Happy 70th Birthday, Michael Tolkin! Born today in 1950 as Michael L. Tolkin, this American novelist, screenwriter, producer and film director has had an award-winning career.
Tolkin was born to a Romanian and Ukrainian Jewish family in New York City, New York. He was the son of American studio executive and film industry lawyer Edith (née Leibovitch), and the late American television comedy writer Mel Tolkin.
Mel was best known as head writer of NBC's ninety-minute live American black and white television variety sketch comedy series Your Show of Shows (1950–1954) during the Golden Age of Television.
Tolkin later attended Beverly Hills High School. This would be the same high school that many celebrities had attended or would later attend.

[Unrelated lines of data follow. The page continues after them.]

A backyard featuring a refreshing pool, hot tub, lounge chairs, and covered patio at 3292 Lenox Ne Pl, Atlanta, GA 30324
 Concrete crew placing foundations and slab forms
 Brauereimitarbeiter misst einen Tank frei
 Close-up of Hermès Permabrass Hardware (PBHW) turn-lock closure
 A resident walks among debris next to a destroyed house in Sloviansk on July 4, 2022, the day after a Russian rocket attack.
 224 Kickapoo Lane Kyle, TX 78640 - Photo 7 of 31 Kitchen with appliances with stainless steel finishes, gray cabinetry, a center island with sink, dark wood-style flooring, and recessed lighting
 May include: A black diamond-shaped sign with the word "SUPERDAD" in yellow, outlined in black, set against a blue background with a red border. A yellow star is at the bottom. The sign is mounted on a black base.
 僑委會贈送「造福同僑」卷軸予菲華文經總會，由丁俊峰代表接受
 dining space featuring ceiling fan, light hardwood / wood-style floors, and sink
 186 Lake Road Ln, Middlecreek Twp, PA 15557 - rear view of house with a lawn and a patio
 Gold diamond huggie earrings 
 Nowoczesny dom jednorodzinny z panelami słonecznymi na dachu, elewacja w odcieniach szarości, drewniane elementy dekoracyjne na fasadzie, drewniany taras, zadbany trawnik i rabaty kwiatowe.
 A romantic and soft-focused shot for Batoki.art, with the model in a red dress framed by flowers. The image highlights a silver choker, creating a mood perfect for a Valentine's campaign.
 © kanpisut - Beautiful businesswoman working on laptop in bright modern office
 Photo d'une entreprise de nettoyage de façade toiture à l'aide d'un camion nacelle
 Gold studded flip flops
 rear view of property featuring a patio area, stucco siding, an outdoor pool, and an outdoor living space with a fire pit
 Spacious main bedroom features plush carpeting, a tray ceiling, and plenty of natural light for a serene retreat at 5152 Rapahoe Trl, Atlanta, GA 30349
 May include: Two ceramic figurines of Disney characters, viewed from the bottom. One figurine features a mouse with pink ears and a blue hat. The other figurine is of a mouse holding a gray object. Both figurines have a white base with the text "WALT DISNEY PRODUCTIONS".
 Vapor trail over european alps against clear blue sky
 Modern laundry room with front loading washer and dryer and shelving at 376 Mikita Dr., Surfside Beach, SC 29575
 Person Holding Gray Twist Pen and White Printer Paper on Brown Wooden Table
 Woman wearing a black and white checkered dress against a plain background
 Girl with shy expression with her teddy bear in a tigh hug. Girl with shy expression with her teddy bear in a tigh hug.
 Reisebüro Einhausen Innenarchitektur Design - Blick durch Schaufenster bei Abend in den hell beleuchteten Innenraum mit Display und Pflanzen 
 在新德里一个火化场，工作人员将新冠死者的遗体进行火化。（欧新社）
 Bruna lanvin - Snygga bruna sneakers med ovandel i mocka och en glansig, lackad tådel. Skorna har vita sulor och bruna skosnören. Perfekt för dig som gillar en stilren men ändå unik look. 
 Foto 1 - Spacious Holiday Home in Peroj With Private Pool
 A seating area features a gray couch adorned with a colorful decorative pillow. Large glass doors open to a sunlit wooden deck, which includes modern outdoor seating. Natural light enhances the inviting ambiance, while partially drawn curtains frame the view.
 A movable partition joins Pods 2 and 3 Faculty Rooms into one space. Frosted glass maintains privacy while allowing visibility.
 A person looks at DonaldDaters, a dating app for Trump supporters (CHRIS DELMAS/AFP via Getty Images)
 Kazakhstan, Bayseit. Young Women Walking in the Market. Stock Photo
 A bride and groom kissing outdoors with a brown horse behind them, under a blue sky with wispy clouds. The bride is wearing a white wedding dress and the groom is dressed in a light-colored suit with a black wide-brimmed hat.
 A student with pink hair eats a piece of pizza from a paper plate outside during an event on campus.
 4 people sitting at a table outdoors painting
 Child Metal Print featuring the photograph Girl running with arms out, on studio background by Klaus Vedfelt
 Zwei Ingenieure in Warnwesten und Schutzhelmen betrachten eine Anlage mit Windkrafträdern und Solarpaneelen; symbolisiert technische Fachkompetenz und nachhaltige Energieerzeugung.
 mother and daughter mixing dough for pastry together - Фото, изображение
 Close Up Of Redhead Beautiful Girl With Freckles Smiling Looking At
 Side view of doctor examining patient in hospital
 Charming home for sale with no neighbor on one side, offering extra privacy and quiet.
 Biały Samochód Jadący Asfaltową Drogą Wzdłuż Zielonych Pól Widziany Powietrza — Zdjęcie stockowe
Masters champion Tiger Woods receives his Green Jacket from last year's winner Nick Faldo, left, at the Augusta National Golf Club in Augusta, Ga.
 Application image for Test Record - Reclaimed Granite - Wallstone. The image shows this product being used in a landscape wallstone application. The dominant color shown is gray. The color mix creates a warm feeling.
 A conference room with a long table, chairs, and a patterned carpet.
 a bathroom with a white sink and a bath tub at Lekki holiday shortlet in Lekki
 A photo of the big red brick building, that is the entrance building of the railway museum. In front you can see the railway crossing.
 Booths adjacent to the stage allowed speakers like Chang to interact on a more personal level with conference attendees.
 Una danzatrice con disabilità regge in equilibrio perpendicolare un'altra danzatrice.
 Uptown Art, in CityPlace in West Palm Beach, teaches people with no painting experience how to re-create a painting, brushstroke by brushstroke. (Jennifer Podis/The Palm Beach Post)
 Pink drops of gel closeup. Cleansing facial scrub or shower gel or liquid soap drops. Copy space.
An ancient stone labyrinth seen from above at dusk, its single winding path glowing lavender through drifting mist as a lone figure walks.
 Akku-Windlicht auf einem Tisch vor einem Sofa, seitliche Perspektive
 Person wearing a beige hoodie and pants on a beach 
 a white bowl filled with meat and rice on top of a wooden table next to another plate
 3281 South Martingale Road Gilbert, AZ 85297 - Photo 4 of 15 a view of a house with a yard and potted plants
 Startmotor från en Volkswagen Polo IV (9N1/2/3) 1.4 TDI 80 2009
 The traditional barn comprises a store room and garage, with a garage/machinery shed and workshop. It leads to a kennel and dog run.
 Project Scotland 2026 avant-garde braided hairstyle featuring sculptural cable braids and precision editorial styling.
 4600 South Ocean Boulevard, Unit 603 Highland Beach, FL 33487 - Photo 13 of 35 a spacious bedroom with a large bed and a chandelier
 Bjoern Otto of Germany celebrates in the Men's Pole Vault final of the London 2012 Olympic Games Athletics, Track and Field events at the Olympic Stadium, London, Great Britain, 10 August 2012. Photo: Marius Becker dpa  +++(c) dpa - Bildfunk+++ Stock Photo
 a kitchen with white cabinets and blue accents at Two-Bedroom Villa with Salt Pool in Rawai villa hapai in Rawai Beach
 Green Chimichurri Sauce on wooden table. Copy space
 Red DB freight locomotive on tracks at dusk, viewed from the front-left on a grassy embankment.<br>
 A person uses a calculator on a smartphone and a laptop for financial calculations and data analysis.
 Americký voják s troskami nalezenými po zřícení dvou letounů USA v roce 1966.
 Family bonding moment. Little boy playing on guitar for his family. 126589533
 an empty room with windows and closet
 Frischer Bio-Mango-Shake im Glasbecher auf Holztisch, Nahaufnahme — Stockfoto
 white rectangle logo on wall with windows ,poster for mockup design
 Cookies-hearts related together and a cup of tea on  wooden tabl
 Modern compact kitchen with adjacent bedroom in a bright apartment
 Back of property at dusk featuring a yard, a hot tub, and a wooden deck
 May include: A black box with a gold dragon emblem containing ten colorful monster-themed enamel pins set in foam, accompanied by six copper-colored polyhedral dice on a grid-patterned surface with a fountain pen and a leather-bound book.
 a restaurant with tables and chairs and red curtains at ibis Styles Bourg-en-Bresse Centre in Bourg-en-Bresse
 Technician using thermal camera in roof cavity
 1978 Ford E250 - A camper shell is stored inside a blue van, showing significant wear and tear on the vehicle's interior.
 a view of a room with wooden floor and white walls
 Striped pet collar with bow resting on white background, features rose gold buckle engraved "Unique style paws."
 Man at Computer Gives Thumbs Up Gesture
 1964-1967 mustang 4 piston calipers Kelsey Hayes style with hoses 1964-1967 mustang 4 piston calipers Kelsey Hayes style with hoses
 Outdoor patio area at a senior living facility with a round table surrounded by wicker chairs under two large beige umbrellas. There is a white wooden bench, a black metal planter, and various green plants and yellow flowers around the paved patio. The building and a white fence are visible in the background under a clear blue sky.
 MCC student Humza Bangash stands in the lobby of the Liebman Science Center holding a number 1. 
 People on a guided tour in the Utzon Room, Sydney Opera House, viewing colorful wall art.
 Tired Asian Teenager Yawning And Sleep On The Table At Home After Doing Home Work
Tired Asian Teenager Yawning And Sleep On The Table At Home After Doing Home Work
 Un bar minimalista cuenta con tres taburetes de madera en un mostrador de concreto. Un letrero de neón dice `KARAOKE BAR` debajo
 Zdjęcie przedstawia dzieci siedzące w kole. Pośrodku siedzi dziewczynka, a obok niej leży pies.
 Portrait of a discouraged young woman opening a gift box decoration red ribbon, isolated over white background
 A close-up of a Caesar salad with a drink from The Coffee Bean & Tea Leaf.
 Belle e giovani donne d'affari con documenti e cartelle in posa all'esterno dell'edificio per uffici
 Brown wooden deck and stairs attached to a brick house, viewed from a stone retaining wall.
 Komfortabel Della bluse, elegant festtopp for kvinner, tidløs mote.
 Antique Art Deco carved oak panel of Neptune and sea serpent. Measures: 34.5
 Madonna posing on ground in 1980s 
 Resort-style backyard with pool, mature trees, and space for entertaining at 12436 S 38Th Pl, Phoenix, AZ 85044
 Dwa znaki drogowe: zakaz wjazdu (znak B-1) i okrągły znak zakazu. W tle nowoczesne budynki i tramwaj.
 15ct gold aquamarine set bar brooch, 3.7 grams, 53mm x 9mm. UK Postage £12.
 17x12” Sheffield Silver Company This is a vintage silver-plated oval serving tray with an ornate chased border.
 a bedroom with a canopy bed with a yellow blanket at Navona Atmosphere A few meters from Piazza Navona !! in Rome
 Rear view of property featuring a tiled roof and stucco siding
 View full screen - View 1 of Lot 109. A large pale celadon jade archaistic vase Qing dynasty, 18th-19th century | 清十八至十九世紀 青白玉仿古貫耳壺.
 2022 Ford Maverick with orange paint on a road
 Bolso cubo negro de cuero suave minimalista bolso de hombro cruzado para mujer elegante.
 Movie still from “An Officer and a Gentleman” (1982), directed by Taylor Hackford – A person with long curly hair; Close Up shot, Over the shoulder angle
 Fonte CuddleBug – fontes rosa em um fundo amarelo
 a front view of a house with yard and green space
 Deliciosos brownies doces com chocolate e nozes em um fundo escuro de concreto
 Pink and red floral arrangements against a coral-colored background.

These included Angelina Jolie, Michael Klesic, Nicolas Cage, Lenny Kravitz, David Schwimmer, Jonathan Silverman, Gina Gershon, Rhonda Fleming, Jackie Cooper, Rob Reiner, 'Antonio Sabato. Jr.', Pauly Shore, Betty White, Corbin Bernsen, Elizabeth Daily, Albert Brooks and Crispin Glover had attended.
Years later, Tolkin matriculated and eventually graduated in 1974 with a B.A. from Middlebury College as an alma mater. This university is a private liberal arts college located in Middlebury, Vermont.
In the early 1990s, Tolkin wrote and directed the film for which he is best known: the 1991 American drama/mystery independent film 'The Rapture'. It had been shot in Los Angeles, California over six weeks.
The film follows Sharon (Mimi Rogers), a telephone operator who escapes the drudgery of her everyday life by trolling bars with her lover, Vic (Patrick Bauchau), and looking for couples to swing with.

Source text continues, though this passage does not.